Екатеринбургскому отряду грозила смертельная опасность, но спасение пришло неожиданно. На белоказаков стремительно налетел подоспевший Томин со своими сотнями. Впереди в кумачовой рубахе летел на сером жеребце сам Томин, а за ним сотня Шарапова. Старик прижался к гриве коня и, вложив два пальца в рот, свистел сатанинским свистом.
Дутовцы не выдержали и бросились наутек.
Только к ночи екатеринбургский отряд возвратился в Троицк. В штабе Блюхера шло совещание.
— Пусть бойцы отдохнут два дня, а потом возобновим наступление, — сказал главком.
— Я считаю необходимым послать специальный отряд на усмирение непокорных станиц, — предложил Цыркунов, нервно подергивая левым плечом, которое ему успели перевязать после ранения.
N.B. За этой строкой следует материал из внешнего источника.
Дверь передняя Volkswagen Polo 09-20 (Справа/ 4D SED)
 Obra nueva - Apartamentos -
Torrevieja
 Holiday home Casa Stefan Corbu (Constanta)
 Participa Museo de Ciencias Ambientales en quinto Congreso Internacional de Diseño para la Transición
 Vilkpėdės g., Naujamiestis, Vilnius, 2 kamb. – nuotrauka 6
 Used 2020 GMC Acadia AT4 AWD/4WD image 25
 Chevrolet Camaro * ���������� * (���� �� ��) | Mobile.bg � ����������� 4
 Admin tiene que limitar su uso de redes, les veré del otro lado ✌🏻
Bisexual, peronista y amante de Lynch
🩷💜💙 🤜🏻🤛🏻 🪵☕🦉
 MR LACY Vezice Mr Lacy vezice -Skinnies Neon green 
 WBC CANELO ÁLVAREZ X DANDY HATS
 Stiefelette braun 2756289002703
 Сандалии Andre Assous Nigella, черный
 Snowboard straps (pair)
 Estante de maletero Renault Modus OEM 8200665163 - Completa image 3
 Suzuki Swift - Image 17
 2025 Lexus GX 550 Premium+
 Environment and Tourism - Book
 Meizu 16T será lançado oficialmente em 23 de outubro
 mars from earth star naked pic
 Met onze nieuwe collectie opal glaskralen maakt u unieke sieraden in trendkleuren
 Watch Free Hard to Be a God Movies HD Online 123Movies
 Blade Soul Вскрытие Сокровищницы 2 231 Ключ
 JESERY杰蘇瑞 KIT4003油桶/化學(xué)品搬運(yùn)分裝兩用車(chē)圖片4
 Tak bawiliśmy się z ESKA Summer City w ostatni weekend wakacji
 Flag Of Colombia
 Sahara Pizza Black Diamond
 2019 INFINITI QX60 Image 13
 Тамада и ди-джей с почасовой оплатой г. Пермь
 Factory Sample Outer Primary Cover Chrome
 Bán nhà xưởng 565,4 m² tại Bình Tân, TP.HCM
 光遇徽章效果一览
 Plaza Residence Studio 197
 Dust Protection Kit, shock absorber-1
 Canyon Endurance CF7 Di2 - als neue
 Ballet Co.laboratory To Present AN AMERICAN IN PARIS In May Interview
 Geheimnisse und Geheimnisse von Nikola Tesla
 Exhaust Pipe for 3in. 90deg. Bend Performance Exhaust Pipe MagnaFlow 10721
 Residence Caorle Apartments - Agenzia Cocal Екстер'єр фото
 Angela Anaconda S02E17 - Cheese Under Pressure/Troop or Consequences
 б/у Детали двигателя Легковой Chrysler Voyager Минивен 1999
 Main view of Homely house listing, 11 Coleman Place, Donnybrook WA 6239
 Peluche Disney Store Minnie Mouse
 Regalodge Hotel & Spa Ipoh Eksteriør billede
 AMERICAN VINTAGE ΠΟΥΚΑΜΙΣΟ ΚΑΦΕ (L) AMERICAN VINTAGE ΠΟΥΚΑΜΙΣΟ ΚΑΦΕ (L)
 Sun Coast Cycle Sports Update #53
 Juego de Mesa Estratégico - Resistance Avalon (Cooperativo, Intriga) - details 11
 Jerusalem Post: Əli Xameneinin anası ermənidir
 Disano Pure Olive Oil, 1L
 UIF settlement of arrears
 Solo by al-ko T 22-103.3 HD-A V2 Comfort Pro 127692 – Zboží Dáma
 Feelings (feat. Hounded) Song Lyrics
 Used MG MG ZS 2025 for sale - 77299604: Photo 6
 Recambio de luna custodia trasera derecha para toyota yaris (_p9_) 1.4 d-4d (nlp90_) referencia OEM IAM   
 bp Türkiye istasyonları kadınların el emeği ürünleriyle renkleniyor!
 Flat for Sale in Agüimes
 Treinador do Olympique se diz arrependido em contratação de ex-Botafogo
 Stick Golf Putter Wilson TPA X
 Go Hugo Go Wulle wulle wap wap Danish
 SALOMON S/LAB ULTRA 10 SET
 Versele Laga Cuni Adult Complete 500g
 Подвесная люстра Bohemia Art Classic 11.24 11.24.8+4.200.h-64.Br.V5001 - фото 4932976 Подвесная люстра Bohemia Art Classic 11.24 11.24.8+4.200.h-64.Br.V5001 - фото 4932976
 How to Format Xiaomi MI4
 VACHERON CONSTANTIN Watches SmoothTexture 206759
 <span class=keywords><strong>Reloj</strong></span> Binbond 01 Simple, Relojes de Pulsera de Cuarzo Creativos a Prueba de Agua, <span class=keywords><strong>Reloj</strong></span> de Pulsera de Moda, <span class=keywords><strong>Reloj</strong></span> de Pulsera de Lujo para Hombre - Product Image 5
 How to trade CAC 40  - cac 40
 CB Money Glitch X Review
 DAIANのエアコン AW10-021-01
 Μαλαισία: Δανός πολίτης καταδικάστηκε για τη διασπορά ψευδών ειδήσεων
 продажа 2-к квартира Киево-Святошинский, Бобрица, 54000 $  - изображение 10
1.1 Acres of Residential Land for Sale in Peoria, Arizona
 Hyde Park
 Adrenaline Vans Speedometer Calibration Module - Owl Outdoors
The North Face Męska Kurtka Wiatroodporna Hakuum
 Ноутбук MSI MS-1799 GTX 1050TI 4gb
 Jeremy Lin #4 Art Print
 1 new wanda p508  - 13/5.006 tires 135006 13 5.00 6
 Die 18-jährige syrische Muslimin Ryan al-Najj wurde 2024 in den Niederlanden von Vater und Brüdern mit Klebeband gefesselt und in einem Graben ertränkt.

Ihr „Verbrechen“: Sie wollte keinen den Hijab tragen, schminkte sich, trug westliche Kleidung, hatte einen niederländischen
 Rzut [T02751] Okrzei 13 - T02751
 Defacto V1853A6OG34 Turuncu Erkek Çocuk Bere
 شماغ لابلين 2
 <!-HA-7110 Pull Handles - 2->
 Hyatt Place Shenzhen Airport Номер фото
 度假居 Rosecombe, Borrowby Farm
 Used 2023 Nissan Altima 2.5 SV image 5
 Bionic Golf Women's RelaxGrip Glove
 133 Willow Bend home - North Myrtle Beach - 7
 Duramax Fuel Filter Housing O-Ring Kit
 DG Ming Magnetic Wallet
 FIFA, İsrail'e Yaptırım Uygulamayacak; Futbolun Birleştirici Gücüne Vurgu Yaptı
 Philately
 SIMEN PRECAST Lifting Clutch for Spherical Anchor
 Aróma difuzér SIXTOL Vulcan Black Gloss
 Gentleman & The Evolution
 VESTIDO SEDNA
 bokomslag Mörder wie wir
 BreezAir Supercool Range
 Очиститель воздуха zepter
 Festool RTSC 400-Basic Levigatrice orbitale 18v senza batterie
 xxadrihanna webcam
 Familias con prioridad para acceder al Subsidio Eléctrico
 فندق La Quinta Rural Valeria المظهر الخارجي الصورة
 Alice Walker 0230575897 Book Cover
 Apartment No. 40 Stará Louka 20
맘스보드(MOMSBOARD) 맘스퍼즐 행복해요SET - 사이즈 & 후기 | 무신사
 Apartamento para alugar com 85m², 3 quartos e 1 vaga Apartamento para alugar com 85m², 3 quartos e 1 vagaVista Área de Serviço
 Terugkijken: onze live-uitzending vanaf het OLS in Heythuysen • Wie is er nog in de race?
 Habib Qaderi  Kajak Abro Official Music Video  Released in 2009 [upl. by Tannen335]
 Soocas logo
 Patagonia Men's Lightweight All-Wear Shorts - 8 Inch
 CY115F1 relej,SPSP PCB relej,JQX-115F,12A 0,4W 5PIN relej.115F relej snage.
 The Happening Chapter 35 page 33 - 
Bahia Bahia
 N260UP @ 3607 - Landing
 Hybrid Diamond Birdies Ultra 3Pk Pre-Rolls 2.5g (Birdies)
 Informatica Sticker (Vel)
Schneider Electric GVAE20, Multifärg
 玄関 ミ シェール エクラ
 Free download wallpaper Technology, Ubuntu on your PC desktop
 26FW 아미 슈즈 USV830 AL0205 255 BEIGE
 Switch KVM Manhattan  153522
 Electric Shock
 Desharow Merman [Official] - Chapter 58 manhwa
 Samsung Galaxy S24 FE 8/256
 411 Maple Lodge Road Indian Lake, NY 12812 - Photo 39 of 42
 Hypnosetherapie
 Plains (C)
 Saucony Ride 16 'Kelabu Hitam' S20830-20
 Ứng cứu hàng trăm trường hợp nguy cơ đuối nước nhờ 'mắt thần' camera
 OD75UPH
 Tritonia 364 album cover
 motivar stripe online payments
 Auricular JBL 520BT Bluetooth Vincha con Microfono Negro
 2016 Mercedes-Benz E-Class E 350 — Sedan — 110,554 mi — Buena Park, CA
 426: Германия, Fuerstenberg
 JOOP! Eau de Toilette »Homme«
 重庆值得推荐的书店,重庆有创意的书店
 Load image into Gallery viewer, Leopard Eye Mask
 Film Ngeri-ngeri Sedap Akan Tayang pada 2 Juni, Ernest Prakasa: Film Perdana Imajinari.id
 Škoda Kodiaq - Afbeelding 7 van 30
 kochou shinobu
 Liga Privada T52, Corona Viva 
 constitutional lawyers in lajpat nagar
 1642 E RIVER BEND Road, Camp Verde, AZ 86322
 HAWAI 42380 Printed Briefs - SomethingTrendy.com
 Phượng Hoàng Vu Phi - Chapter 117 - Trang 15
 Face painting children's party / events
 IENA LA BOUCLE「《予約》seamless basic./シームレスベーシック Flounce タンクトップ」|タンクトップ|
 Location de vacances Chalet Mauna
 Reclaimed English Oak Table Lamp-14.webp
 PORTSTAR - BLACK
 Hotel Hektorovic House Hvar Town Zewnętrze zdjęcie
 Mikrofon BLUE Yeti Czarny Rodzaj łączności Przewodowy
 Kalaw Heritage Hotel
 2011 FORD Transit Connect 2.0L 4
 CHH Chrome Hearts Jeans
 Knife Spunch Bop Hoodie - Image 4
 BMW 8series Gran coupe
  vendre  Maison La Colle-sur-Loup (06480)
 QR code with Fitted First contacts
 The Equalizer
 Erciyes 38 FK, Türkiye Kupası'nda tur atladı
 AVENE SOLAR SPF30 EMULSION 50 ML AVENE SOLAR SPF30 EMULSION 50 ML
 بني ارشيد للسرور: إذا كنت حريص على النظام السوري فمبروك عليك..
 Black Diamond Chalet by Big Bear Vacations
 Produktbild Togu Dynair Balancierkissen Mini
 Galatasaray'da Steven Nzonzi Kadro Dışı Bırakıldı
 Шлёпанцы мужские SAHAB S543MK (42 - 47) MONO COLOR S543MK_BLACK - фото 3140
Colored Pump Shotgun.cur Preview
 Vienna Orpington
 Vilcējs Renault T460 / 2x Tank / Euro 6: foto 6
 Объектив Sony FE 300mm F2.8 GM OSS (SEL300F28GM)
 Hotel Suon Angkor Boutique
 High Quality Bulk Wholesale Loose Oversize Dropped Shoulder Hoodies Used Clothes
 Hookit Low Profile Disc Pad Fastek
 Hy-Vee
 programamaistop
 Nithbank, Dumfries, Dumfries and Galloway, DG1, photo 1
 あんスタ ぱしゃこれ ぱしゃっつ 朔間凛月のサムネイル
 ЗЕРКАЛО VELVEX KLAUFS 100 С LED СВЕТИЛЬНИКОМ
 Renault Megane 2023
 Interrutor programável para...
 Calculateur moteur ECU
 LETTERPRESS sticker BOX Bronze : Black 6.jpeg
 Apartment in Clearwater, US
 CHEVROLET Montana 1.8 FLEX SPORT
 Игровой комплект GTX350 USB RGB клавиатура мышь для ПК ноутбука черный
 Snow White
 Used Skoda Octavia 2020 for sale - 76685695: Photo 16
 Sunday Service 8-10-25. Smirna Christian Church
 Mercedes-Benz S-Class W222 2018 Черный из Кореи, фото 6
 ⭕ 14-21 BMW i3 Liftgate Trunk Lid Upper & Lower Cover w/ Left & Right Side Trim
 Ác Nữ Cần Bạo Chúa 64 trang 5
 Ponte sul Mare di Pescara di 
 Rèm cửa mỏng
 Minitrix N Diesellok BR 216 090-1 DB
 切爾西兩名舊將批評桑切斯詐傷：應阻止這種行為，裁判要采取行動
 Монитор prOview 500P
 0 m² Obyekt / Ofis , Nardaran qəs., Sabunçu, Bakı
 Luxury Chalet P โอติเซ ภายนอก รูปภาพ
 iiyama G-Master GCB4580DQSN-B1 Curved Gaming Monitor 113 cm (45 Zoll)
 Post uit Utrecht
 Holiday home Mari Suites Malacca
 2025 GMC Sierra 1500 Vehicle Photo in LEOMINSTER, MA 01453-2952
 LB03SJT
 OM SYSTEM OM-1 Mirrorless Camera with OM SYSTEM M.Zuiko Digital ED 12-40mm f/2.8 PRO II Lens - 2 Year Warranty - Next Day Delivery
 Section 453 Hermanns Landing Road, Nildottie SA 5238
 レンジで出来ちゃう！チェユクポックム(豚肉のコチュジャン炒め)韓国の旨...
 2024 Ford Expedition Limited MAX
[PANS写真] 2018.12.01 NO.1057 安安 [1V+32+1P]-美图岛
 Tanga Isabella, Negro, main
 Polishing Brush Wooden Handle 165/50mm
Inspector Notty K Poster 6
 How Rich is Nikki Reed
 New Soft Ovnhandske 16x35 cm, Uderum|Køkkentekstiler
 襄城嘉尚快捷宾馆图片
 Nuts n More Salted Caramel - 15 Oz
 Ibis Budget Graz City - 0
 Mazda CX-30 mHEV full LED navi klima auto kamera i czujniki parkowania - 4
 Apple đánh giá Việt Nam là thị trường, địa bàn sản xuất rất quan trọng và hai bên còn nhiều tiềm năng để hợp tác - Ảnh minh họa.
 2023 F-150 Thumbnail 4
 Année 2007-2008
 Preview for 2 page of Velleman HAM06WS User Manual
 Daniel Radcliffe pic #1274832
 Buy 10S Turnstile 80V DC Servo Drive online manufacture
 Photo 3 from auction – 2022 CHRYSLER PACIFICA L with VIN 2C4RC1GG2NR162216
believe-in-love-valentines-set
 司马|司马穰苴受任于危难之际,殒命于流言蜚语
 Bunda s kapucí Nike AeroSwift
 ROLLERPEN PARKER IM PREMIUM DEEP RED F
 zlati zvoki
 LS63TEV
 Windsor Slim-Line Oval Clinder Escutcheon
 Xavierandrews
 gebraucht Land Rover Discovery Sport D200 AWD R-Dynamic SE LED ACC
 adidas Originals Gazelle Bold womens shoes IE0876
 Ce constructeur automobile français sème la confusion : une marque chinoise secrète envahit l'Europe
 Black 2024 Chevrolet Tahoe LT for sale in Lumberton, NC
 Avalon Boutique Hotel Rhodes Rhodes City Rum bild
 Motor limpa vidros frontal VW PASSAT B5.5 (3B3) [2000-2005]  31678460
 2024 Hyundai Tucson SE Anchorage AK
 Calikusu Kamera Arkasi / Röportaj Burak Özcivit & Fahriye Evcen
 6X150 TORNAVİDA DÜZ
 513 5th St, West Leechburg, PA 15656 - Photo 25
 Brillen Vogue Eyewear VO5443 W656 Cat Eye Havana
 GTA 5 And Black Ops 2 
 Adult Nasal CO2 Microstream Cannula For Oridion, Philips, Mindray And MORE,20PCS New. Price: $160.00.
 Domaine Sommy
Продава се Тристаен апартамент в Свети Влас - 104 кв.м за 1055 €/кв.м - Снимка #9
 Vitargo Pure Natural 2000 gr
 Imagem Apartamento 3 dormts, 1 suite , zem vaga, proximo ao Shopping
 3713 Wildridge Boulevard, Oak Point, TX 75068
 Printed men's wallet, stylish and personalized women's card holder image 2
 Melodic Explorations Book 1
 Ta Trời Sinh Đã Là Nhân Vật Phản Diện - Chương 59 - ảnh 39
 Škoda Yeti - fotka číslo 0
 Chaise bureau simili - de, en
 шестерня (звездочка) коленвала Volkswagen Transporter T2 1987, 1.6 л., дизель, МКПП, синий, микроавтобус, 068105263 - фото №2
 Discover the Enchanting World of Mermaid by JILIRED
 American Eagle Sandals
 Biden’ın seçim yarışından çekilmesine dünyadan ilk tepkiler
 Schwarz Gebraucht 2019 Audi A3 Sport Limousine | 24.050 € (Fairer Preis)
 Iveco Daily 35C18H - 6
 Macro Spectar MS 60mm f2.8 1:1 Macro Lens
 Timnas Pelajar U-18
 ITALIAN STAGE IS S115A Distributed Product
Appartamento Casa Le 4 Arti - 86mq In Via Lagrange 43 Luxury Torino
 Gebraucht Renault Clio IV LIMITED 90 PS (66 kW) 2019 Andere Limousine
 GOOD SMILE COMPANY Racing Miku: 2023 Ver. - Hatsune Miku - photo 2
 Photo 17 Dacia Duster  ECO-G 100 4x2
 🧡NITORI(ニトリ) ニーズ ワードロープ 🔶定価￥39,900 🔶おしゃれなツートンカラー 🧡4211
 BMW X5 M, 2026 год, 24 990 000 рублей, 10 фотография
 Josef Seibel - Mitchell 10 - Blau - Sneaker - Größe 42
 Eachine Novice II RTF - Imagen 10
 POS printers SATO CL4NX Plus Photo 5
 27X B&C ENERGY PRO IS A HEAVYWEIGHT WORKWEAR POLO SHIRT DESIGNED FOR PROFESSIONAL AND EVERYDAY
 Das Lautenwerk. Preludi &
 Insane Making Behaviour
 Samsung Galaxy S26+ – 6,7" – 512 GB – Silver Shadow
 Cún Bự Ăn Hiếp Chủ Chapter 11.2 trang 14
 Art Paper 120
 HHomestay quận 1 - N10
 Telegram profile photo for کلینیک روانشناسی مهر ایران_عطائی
— Вы говорите точнее, — поправил его Блюхер, — не специальный отряд, а карательный.
— Хотя бы так.
— Это вредная затея. Поймите раз и навсегда, что не все казачество на стороне Дутова. Томина вы со счетов сбросили. И Шарапова. И казаков их сотен. Карательные отряды — метод царского правительства. Я на этот путь не стану, хоть бы сам Крыленко мне приказал. Нам нужно расслоить казачество: бедняков и малоземельных — к нам, богатеев — к Дутову. Вот тогда мы обрастем силой.
— Нам в спину стреляют, а вы теорию разводите, — возразил Цыркунов, недовольный Блюхером.
— Я эту теорию познал на заводах и в тюрьме.
Цыркунова все же поддержали другие командиры, а Томин злобно крикнул им: «Это офицерские замашки». Поднялся шум, все заговорили разом.
Блюхер не ожидал, что его слова вызовут такую бурю.
Он считал себя правым, но ему казалось, что он не смог объяснить, в чем кроется политическое недомыслие Цыркунова и других, предлагающих карательные меры против станиц, поддерживающих Дутова. Спор мог перерасти в ссору между командирами отрядов, но тут вдруг поднялся Шарапов и надсадным голосом крикнул:
— Дозвольте мне, старому казаку, слово сказать!
— Успокойтесь! — призвал Блюхер командиров. — Послушаем самих казаков.
Шум улегся, но для каждого было очевидным, что это ненадолго, ибо среди спорщиков нет человека, который мог бы силой своего авторитета примирить и подчинить их себе.
— Товарищи, которые из ахфицеров, и товарищи из рабочих, — спокойно начал Шарапов. — Я уважаю всех, кто идет с советской властью. Казака всю жизнь учили, — и между прочим, учили их ахфицеры, — что рабочий есть враг престола и за это его надо стегать нагайкой, Так то было при Николае. А теперь обратно получается. Теперь гуторят, что казак есть враг советской власти. Ну какой я враг, если я кровь проливаю за эту власть? А Василий Константинович Блюхер? Он же первейший революционер, Хучь он рабочий, а душу казака понимает. Но карать казака надо, а растолковать, что к чему.